◆ Task brief:
Down to the final line, print the records below exactly and without pictures.
━━━━━━━━━━━━━━━━━━━━
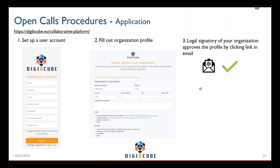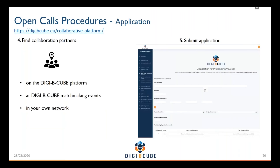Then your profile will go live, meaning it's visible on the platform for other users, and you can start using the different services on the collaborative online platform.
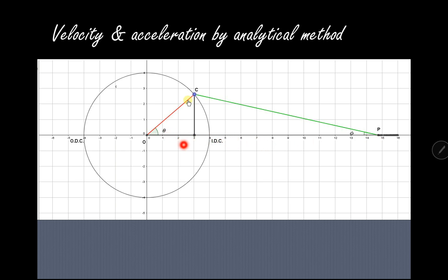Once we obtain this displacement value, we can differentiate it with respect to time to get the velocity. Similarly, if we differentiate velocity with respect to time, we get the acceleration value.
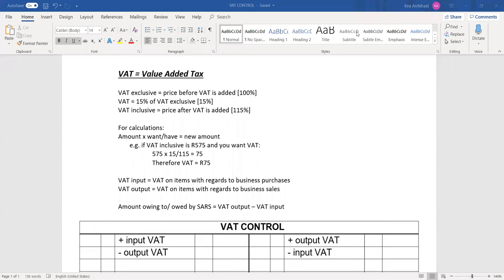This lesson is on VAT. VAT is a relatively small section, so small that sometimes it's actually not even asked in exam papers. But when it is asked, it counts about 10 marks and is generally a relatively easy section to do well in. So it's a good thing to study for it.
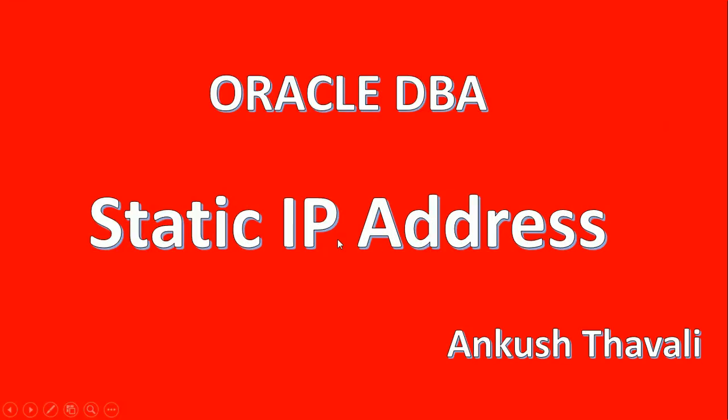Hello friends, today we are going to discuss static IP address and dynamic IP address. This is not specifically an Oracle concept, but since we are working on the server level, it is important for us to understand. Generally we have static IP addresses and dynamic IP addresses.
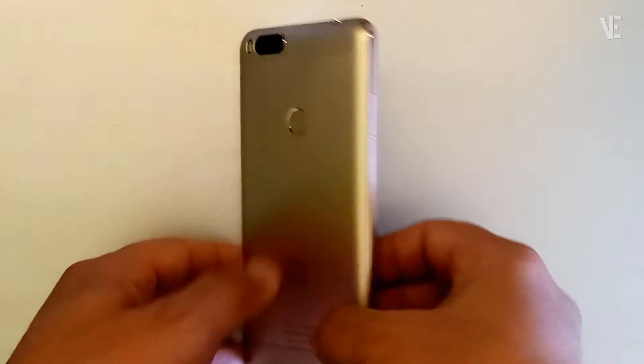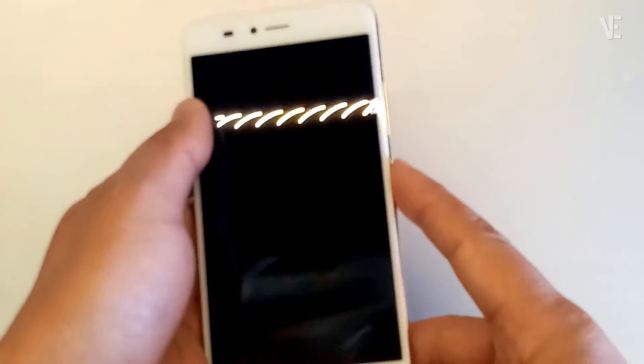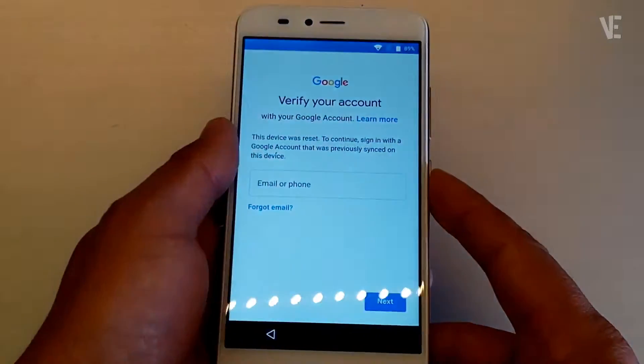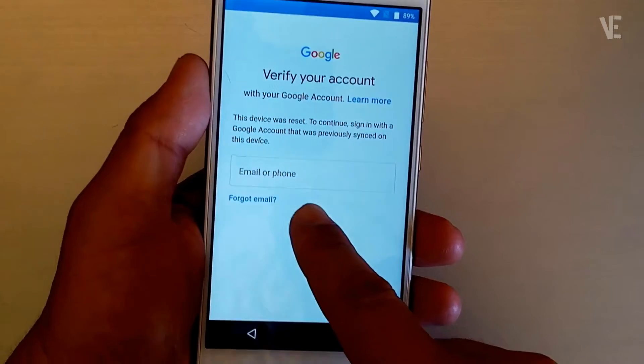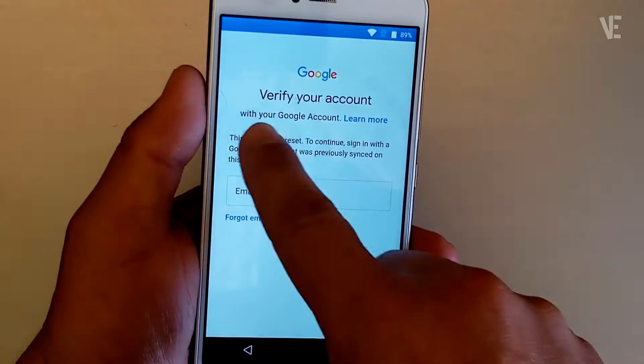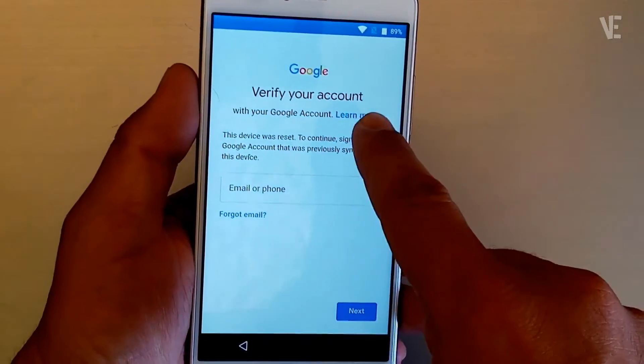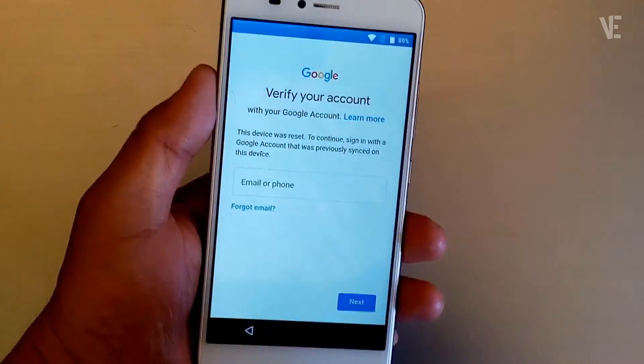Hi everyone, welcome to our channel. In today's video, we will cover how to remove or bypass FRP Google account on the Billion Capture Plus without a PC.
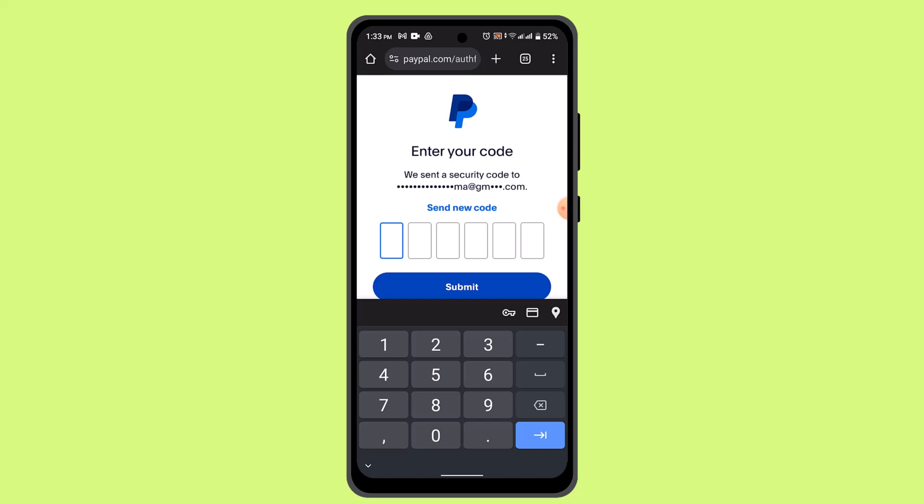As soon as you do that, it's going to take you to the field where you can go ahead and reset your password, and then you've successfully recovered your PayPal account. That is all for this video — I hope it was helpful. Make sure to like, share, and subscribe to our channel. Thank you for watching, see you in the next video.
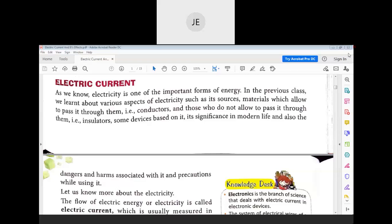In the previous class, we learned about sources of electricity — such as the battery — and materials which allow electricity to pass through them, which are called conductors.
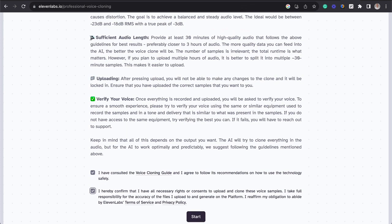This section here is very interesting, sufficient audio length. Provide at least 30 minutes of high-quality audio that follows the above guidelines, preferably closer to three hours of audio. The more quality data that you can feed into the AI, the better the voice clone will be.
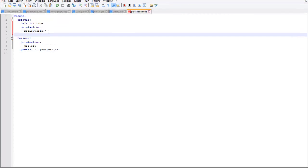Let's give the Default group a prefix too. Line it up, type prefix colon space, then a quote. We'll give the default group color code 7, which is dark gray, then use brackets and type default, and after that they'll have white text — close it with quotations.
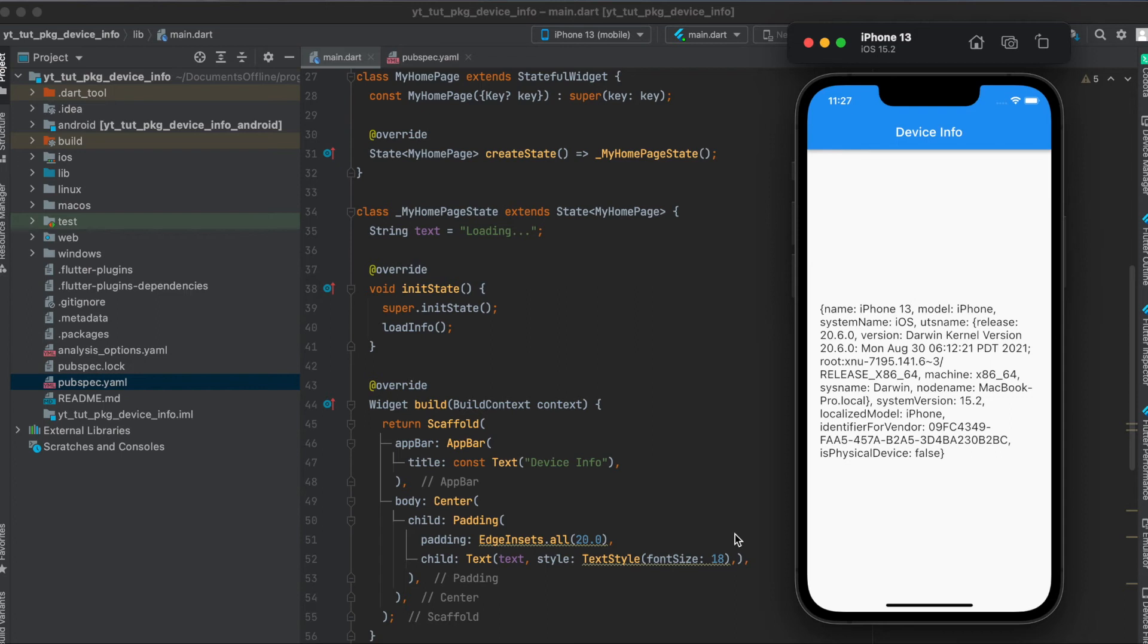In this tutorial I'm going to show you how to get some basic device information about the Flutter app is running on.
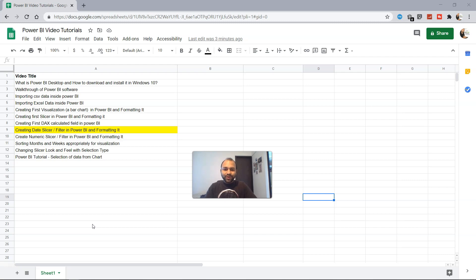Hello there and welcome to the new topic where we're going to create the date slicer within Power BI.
━━━━━━━━━━━━━━━━━━━━
◆ Solution to this exercise:
Then your profile will go live, meaning it's visible on the platform for other users, and you can start using the different services on the collaborative online platform.
Once we obtain this displacement value, we can differentiate it with respect to time to get the velocity. Similarly, if we differentiate velocity with respect to time, we get the acceleration value.
This lesson is on VAT. VAT is a relatively small section, so small that sometimes it's actually not even asked in exam papers. But when it is asked, it counts about 10 marks and is generally a relatively easy section to do well in. So it's a good thing to study for it.
Hello friends, today we are going to discuss static IP address and dynamic IP address. This is not specifically an Oracle concept, but since we are working on the server level, it is important for us to understand. Generally we have static IP addresses and dynamic IP addresses.
Hi everyone, welcome to our channel. In today's video, we will cover how to remove or bypass FRP Google account on the Billion Capture Plus without a PC.
As soon as you do that, it's going to take you to the field where you can go ahead and reset your password, and then you've successfully recovered your PayPal account. That is all for this video — I hope it was helpful. Make sure to like, share, and subscribe to our channel. Thank you for watching, see you in the next video.
In the previous class, we learned about sources of electricity — such as the battery — and materials which allow electricity to pass through them, which are called conductors.
This section here is very interesting, sufficient audio length. Provide at least 30 minutes of high-quality audio that follows the above guidelines, preferably closer to three hours of audio. The more quality data that you can feed into the AI, the better the voice clone will be.
Let's give the Default group a prefix too. Line it up, type prefix colon space, then a quote. We'll give the default group color code 7, which is dark gray, then use brackets and type default, and after that they'll have white text — close it with quotations.
In this tutorial I'm going to show you how to get some basic device information about the Flutter app is running on.
Hello there and welcome to the new topic where we're going to create the date slicer within Power BI.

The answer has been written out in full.